At first glance, you might not be excited by the potential usefulness of the Apple Watch, but as a data-focused medical doctor, I see a bright future in wearable devices.
From a medical standpoint, Apple Inc.’s AAPL, +0.62% watch is little more than a heartbeat and activity monitor. But developers are creating apps and tools to expand its capabilities.
I expect the Apple Watch and its competitors to be an important part of what is known as precision medicine — an individual approach to health that uses data from a person’s genome and biomarkers to understand and tailor treatments down to the cellular level.
Maybe the next generation of watches will come with biofeedback headsets. Or perhaps a stylus will be included that can touch the skin to provide an array of real-time medical data. It may even be possible for watches to include a pacemaker-like device that can spot atrial fibrillation and jump-start a heart to its proper rhythm.
How about an around-the-clock blood-pressure tracker or a carbon-monoxide sensor?
Someday, someone might even invent an app that takes a picture of food on a plate and analyzes it for calories and nutrition, or maybe even develop a tool that detects how effectively that meal is being digested.
Touted by President Obama in his State of the Union address in January, precision medicine is the combination of big data and health care. By looking at your genome and analyzing trends in biomarkers, such as blood, hormones, body mass and symptoms, physicians and researchers can drill down to see precisely what is happening in the body. This approach can identify both immediate developments and long-term trends.
The idea is to look at all of those factors and interrelationships, as well as your history and genetics, and come up with personal approaches to managing your health. We can look for risks decades in advance and change the trajectory of your health.
Precision medicine tends to attract people who are “self-quantifiers.” These technocrats believe we are on the verge of understanding our body and its operating system, right down to its source code, DNA. And what fun is code if it can’t be hacked? We want to hack our health.

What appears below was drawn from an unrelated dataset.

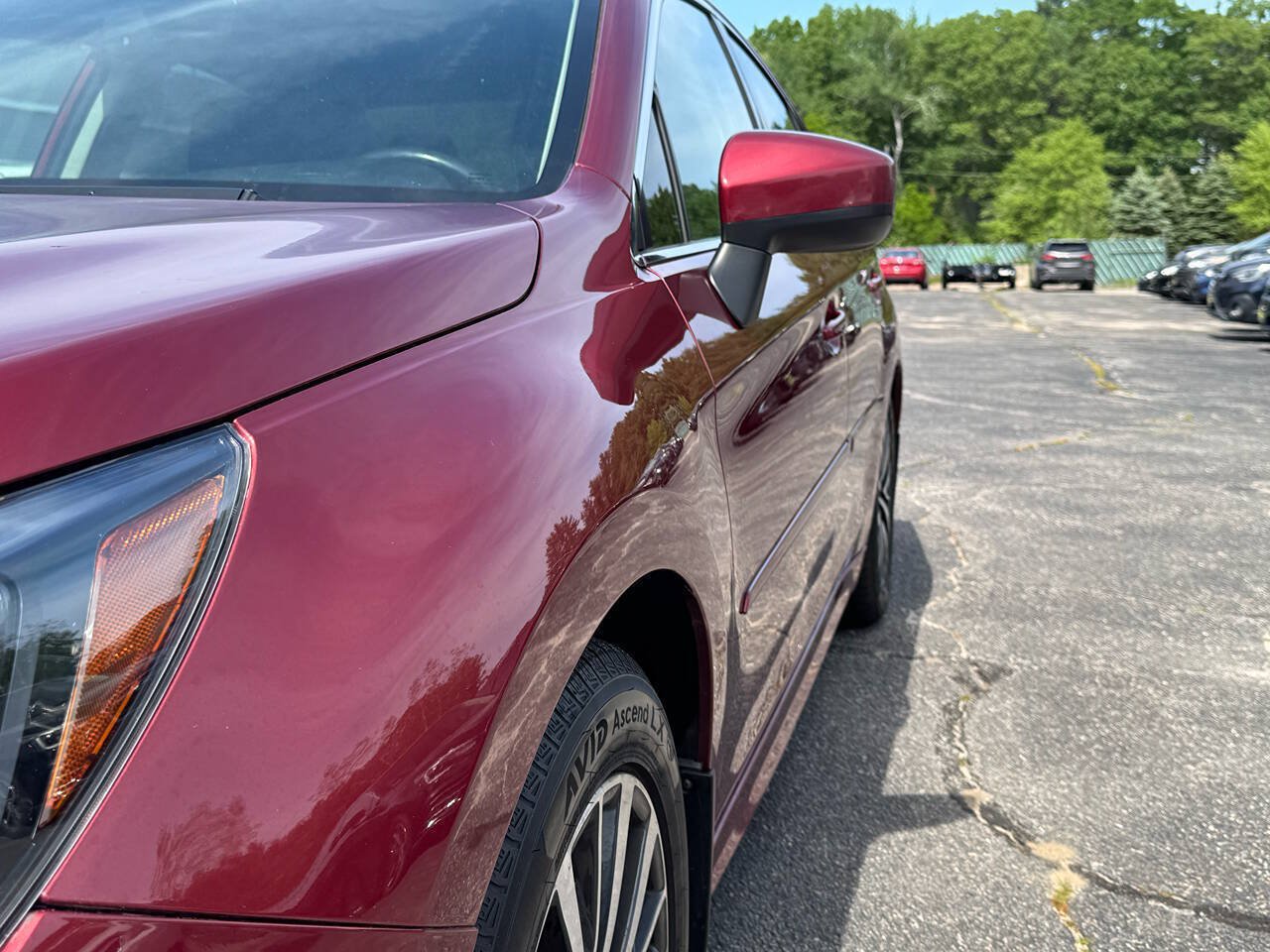 Used 2019 Subaru Legacy 2.5i Premium AWD/4WD image 10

I can easily imagine how the Apple Watch will allow these hacks by becoming the hub for data gathered by the so-called Internet of Things. A watch, after all, is an excellent device for data collection because it can passively collect inputs as it’s always connected to the body.
We are already at a point where our washing machines will start ordering our laundry soap when we run out. I can imagine a tomorrow where your pillow, your refrigerator, your treadmill and even your toilet all could capture health data and send it to your watch, from which it will be sent to the cloud.

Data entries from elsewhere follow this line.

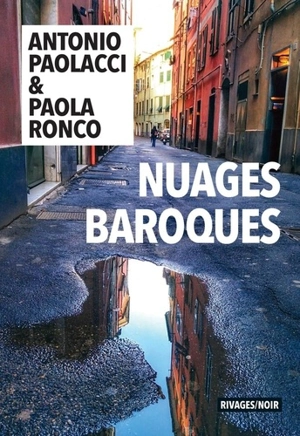 Nuages baroques - Antonio Paolacci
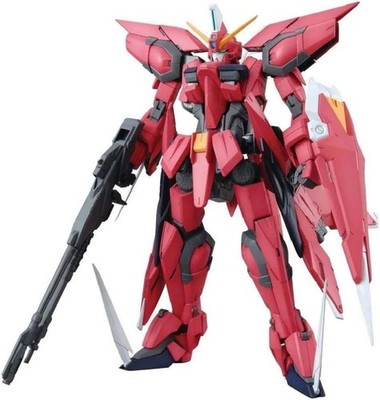 MG 1/100 GAT-X303 Aegis Gundam (Mobile Suit Gundam SEED) | eBay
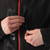 ARMR Kyoto 1.0 Mens Hooded Softshell Windproof Jacket Black Motorcycle Motorbike Biker Biking Scooter Moped Breathable Summer Lightweight Zip Casual Urban CE A Safety Zip Hoodie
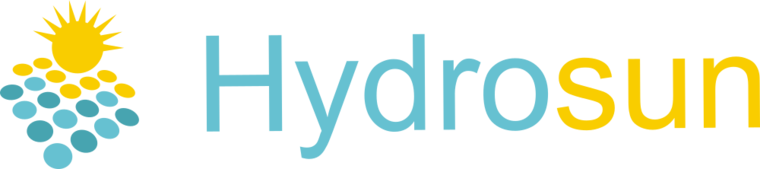 Logo Hydrosun Fotowoltaika Bia�ystok i Pompy Ciep�a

Then, after the data are analyzed, warnings, suggestions and, perhaps someday, algorithmic diagnoses are flashed back to the watch. If a problem exists, maybe your Apple self-driving car rushes you to the hospital.
It is not difficult to imagine how close this reality might be. Last year, Apple created HealthKit and ResearchKit to help developers working in this area. And last month, Apple joined IBM’s IBM, +1.18% new Watson Health Cloud, which will enable researchers to create technology to analyze patient data from wearable devices. Samsung, Johnson & Johnson JNJ, +0.20% and Medtronic MDT, -0.37% also have joined.

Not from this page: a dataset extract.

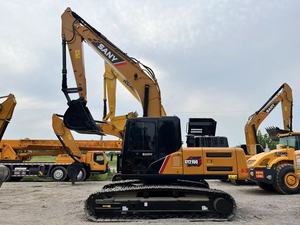 Excavateurs SANY SY215C 21TON d'occasion 215C grande taille sur chenilles SY 205 215 235 245 en bon état bas prix d'occasion Sany - Product Image 3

Of course, we will need gray matter as much as we need the machines. The human element is going to have to interpret that data in some way, perhaps for a long time. The permutations and combinations of genes alone make for a dizzying array of analyses, not unlike picking numbers for the lottery.
Indeed, one of the more complex aspects of precision medicine today is that biomarkers and genetic data need to be analyzed as a total data set, and we are still building our understanding of how factors interrelate. It requires a flesh-and-blood translator with wisdom. But, to some degree, we know that this analysis of complex data sets is something technology will do better than men and women — someday.
All this makes one wonder if, maybe, in the not-so-far-off future, the Internet and its related inventions will disrupt doctors the way they have affected so many other professions. Even as I view my new Apple Watch as a promising new intern, I’m aware that someday the student may surpass the teacher.
Florence Comite, M.D., is a Manhattan-based endocrinologist who graduated from the Yale University School of Medicine and trained at the National Institutes of Health. She is the author of “Keep It Up,” a book about the use of precision medicine in men’s health.